-- ASSIGNMENT --
Without changing anything, copy out each entry.

-- Collection entries --
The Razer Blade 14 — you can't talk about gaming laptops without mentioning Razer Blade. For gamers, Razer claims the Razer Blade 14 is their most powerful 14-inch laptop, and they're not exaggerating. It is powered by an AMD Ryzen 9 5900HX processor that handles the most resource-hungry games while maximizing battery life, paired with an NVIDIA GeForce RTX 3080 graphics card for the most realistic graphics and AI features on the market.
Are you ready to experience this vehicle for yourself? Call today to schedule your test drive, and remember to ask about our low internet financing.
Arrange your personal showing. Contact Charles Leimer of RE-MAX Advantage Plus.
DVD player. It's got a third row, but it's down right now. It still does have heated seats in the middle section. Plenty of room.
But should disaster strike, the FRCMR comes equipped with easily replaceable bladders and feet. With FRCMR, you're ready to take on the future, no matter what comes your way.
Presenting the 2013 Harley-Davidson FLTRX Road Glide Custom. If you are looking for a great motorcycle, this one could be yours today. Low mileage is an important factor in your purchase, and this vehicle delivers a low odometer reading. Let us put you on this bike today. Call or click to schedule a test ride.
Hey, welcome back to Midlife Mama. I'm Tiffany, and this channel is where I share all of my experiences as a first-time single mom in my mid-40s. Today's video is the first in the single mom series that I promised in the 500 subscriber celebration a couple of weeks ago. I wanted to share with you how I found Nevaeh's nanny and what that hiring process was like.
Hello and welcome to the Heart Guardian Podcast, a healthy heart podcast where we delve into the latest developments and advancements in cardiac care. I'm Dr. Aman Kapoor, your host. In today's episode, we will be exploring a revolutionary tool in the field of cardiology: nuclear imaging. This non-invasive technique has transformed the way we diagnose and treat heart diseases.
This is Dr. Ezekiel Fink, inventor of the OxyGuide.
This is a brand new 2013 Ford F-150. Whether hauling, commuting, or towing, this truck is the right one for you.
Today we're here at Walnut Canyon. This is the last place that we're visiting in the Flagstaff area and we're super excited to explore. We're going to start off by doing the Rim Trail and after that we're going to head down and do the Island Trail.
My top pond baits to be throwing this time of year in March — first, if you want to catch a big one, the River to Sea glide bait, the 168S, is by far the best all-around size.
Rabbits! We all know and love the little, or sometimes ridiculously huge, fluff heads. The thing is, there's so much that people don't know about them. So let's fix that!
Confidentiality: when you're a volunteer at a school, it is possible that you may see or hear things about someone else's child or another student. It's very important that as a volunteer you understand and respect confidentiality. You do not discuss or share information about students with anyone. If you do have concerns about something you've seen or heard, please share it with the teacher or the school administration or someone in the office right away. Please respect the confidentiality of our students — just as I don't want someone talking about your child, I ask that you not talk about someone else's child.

-- RESPONSE TO THE TASK --
The Razer Blade 14 — you can't talk about gaming laptops without mentioning Razer Blade. For gamers, Razer claims the Razer Blade 14 is their most powerful 14-inch laptop, and they're not exaggerating. It is powered by an AMD Ryzen 9 5900HX processor that handles the most resource-hungry games while maximizing battery life, paired with an NVIDIA GeForce RTX 3080 graphics card for the most realistic graphics and AI features on the market.
Are you ready to experience this vehicle for yourself? Call today to schedule your test drive, and remember to ask about our low internet financing.
Arrange your personal showing. Contact Charles Leimer of RE-MAX Advantage Plus.
DVD player. It's got a third row, but it's down right now. It still does have heated seats in the middle section. Plenty of room.
But should disaster strike, the FRCMR comes equipped with easily replaceable bladders and feet. With FRCMR, you're ready to take on the future, no matter what comes your way.
Presenting the 2013 Harley-Davidson FLTRX Road Glide Custom. If you are looking for a great motorcycle, this one could be yours today. Low mileage is an important factor in your purchase, and this vehicle delivers a low odometer reading. Let us put you on this bike today. Call or click to schedule a test ride.
Hey, welcome back to Midlife Mama. I'm Tiffany, and this channel is where I share all of my experiences as a first-time single mom in my mid-40s. Today's video is the first in the single mom series that I promised in the 500 subscriber celebration a couple of weeks ago. I wanted to share with you how I found Nevaeh's nanny and what that hiring process was like.
Hello and welcome to the Heart Guardian Podcast, a healthy heart podcast where we delve into the latest developments and advancements in cardiac care. I'm Dr. Aman Kapoor, your host. In today's episode, we will be exploring a revolutionary tool in the field of cardiology: nuclear imaging. This non-invasive technique has transformed the way we diagnose and treat heart diseases.
This is Dr. Ezekiel Fink, inventor of the OxyGuide.
This is a brand new 2013 Ford F-150. Whether hauling, commuting, or towing, this truck is the right one for you.
Today we're here at Walnut Canyon. This is the last place that we're visiting in the Flagstaff area and we're super excited to explore. We're going to start off by doing the Rim Trail and after that we're going to head down and do the Island Trail.
My top pond baits to be throwing this time of year in March — first, if you want to catch a big one, the River to Sea glide bait, the 168S, is by far the best all-around size.
Rabbits! We all know and love the little, or sometimes ridiculously huge, fluff heads. The thing is, there's so much that people don't know about them. So let's fix that!
Confidentiality: when you're a volunteer at a school, it is possible that you may see or hear things about someone else's child or another student. It's very important that as a volunteer you understand and respect confidentiality. You do not discuss or share information about students with anyone. If you do have concerns about something you've seen or heard, please share it with the teacher or the school administration or someone in the office right away. Please respect the confidentiality of our students — just as I don't want someone talking about your child, I ask that you not talk about someone else's child.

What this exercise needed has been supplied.